Rolling bags are a great way to carry your camera gear when traveling by air, but if you’ve also packed your clothes into a separate rolling bag, dealing with two isn’t easy. That’s where the Tenba Roadie Hybrid Roller 21 comes in. It’s a bag that rolls when you want it to, but converts into a backpack for when you have another roller in tow.

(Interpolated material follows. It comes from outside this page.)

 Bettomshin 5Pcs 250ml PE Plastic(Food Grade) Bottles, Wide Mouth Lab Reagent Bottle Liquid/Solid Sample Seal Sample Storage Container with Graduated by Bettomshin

At $400, the Roadie Hybrid isn’t cheap, but it’s built to last. It features a tough exterior shell and padded inserts to keep gear safe during travel, even when sliding around in an overhead bin on a turbulent flight. The back panel unzips to reveal two hidden backpack straps, making it easier to grab your additional luggage from baggage claim after you land. For our Tenba Roadie Hybrid Roller 21 review, we took it across country, through three airports and back again, and it kept our gear easy to access and, more importantly, safe.
The Tenba Roadie fits standard carry-on dimensions for most international and U.S. domestic airlines, yet can pack in two pro-sized DSLRs, 8-10 lenses, a 17-inch laptop, a tripod and lots of accessories. Or, if you don’t have quite so many lenses, you can fill the gaps with personal items to avoid extra baggage fees.
A separate padded insert accommodates a camera body, lens and flash, with handles that make it easy to remove your most important gear in a matter of seconds. That same insert can then be placed into a compatible messenger bag or backpack. The rest of the main compartment uses traditional velcro dividers, which can be arranged to meet your specific needs.
The dividers and roomy size of the main compartment allow for a nearly infinite number of possible combinations, with room for big telephoto lenses up to a 400mm f/2.8. Both a crop-sensor DSLR and a full frame body fit nicely, as well as a number of mid-sized zoom lenses and a hot shoe flash.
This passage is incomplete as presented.